Betul bahwa sejak dua-tiga Dasa warsa terakhir ketika lonjakan jumlah pemudik kian tinggi, pemerintah memang, mau Enggak mau, terlibat. Pemerintah menjalankan fungsi sebagai regulator sekaligus penyelenggara layanan, fasilitas, dan infrastruktur mudik. Tetapi, tetap saja pemerintah Enggak Bisa disebut sebagai panitia mudik.
Kalaupun Terdapat istilah panitia mudik, barangkali hanya kepanitiaan sporadis. Setiap satu instansi bikin panitia mudik, lebih Kepada melayani pegawai beserta keluarga mereka yang Ingin pulang kampung. Itu termasuk pengadaan mudik gratis oleh sejumlah instansi yang dalam beberapa tahun terakhir semakin banyak penyedia ataupun peminatnya.
Intinya, Terdapat atau Enggak Terdapat panitia, ritual mudik bakal jalan Lanjut. Faktanya, Nyaris Enggak Terdapat yang Bisa menghalangi orang Indonesia, terutama kaum perantauan, mudik ke kampung. Mungkin hanya pandemi covid-19 yang Bisa mengerem keinginan masyarakat Kepada mudik. Itu pun sebetulnya mereka hanya menyimpan ‘Kekuatan mudik’ Kepada dilepaskan di tahun berikutnya ketika Restriksi dan pelarangan sudah dicabut.
Tetapi, Begitu ini Terdapat kondisi yang kiranya Bisa menghalangi orang berangkat mudik. Apa itu? Kondisi dompet. Bagaimanapun, Kepada Bisa memanfaatkan ‘Jarak’ mudik, orang memerlukan biaya. Jumlahnya tentu tak sedikit. Yang disebut biaya mudik Enggak sekadar ongkos transportasi dan akomodasi, tapi juga Kepada keperluan belanja dan pemberian THR kepada Keluarga di kampung.
Jadi, seingin-inginnya orang pulang kampung, bagi yang duitnya Kembali cekak, ya, tak patut juga dipaksakan. Seberapa besar pun keinginan orang Kepada bersilaturahim dengan orangtua dan keluarga, buat mereka yang kondisi tabungan saja sudah terkuras Kepada biaya hidup sehari-hari, alangkah baiknya kalau rencana mudiknya di-pending dulu.
Itulah yang terjadi Begitu ini dan ditengarai menyebabkan jumlah pemudik tahun ini diperkirakan turun Tamat 24% ketimbang tahun Lewat.

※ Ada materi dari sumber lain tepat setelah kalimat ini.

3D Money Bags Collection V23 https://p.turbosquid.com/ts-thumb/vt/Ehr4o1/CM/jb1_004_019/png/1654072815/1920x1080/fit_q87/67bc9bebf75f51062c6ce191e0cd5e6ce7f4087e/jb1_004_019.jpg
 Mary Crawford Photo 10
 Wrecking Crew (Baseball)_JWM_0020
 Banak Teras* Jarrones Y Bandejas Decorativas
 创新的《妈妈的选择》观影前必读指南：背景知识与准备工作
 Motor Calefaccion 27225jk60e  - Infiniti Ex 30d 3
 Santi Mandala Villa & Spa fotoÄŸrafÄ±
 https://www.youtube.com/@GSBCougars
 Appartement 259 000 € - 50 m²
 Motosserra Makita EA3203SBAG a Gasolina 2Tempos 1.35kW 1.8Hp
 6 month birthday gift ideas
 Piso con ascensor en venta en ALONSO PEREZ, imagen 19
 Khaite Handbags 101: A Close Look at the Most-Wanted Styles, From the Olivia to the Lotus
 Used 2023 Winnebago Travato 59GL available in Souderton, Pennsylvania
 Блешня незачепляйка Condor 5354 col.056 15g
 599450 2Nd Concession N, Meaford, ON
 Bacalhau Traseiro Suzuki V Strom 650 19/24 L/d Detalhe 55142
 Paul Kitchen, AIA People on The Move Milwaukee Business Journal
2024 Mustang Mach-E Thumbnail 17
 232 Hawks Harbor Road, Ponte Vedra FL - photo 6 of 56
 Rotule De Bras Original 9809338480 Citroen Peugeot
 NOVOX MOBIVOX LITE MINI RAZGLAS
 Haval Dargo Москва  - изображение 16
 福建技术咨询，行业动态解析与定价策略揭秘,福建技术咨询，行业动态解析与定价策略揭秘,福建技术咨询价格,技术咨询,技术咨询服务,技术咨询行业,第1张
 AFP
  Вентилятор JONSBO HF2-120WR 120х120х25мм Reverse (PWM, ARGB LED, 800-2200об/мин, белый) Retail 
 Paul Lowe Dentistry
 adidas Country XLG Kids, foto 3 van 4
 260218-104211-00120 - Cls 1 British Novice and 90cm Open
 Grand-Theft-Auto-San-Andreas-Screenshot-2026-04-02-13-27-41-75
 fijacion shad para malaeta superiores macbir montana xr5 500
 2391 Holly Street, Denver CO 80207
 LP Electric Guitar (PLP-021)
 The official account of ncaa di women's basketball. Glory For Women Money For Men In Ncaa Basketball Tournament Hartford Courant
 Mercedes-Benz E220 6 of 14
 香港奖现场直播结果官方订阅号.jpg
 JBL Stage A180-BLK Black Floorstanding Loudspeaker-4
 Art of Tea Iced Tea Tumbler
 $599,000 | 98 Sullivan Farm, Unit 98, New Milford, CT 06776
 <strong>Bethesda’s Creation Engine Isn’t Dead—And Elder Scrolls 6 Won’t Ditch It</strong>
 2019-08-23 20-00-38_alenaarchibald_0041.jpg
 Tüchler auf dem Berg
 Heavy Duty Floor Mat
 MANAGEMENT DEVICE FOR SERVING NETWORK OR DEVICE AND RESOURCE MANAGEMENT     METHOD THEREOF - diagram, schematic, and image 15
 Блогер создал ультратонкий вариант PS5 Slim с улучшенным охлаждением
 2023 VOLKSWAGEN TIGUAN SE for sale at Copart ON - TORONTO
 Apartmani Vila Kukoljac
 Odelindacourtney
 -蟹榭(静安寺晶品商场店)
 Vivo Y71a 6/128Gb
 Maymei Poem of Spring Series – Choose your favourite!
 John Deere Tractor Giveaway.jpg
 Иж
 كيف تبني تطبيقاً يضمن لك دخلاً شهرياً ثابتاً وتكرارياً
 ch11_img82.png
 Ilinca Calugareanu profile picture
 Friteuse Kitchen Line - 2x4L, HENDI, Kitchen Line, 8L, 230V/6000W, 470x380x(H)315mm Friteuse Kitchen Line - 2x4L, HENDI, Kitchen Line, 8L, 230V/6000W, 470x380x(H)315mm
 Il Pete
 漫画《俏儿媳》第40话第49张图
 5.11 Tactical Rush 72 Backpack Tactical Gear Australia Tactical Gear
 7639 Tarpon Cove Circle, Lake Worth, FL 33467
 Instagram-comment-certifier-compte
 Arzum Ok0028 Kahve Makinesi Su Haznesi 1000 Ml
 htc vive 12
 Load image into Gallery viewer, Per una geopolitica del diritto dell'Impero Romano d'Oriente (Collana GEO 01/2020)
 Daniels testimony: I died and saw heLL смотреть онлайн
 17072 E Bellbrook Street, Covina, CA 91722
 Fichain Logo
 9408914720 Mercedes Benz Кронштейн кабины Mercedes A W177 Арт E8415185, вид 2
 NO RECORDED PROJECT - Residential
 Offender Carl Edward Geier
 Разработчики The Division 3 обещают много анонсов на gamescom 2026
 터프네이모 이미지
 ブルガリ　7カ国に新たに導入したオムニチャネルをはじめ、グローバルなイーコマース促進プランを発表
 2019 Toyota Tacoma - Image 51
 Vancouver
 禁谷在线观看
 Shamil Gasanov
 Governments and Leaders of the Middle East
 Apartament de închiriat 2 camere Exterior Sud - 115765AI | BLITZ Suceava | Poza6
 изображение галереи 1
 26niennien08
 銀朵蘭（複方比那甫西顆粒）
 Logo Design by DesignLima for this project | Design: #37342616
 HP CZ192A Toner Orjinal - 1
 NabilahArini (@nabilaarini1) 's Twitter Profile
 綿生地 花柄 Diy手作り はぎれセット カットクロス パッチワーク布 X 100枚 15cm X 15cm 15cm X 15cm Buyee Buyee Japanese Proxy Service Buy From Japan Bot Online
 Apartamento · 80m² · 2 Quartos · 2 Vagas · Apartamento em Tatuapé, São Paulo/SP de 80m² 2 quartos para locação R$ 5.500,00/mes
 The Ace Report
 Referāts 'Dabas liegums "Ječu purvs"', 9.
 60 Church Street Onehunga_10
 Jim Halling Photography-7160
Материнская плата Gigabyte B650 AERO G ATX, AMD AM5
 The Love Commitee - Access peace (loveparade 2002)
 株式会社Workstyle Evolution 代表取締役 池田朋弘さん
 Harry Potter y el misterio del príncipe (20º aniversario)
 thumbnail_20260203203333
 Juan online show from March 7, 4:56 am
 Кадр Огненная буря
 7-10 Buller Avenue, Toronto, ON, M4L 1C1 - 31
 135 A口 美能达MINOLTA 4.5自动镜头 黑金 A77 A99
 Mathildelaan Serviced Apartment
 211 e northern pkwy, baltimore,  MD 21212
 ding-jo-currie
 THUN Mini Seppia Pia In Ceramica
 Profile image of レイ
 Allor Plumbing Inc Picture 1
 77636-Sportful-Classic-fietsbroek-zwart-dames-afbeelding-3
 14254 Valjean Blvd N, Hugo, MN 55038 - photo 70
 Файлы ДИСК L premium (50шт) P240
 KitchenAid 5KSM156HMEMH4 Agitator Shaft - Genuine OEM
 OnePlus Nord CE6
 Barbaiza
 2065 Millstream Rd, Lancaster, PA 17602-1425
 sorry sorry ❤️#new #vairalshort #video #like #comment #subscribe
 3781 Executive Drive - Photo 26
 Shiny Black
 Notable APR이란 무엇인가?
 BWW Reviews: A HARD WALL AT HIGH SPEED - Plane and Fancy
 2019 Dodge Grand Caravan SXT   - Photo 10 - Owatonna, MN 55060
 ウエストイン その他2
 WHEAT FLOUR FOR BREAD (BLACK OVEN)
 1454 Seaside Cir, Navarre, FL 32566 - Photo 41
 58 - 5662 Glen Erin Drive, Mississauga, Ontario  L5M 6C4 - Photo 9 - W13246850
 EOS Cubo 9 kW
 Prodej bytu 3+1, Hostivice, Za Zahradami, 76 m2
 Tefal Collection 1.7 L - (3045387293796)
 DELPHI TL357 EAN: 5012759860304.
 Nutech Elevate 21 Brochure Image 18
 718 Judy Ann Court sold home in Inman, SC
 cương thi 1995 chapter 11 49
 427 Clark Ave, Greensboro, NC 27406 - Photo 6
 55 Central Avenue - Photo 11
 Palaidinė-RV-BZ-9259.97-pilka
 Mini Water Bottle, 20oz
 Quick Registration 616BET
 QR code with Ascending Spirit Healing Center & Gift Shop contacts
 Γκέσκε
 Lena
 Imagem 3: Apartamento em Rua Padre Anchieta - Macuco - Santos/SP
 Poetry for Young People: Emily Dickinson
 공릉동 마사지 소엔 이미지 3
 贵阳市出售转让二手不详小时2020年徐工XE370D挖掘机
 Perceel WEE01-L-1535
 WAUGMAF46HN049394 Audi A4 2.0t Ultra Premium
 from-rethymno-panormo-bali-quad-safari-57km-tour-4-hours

Survei yang dilakukan Badan Kebijakan Transportasi Kemenhub menyebutkan jumlah pemudik pada musim Lebaran tahun ini diperkirakan ‘hanya’ sebanyak 146,48 juta orang. Jumlah itu turun Nyaris 50 juta orang Apabila dibandingkan dengan tahun Lewat yang sebanyak 193,6 juta orang.
Masalahnya, kalau mudiknya Senyap, Enggak bagus juga buat perekonomian yang sedang lesu. Perputaran Dana Begitu mudik selama ini cukup membantu pergerakan ekonomi, tak hanya skop lokal, tapi nasional. Lantas apa jadinya kalau perputaran uangnya melambat karena jumlah pemudik turun?
Karena itu, demi ekonomi tetap bergerak, agar distribusi ‘kekayaan’ tetap terjadi dan merata hingga ke pelosok, mereka yang tak sedang dihinggapi kesulitan keuangan disarankan mudik aja dulu. Selain buat Jarak melepas penat, hitung-hitung Bisa membantu ekonomi masyarakat tetap hidup Alasan, Kepada satu hal itu, pemerintah terlalu lamban Kepada Bisa kita harapkan.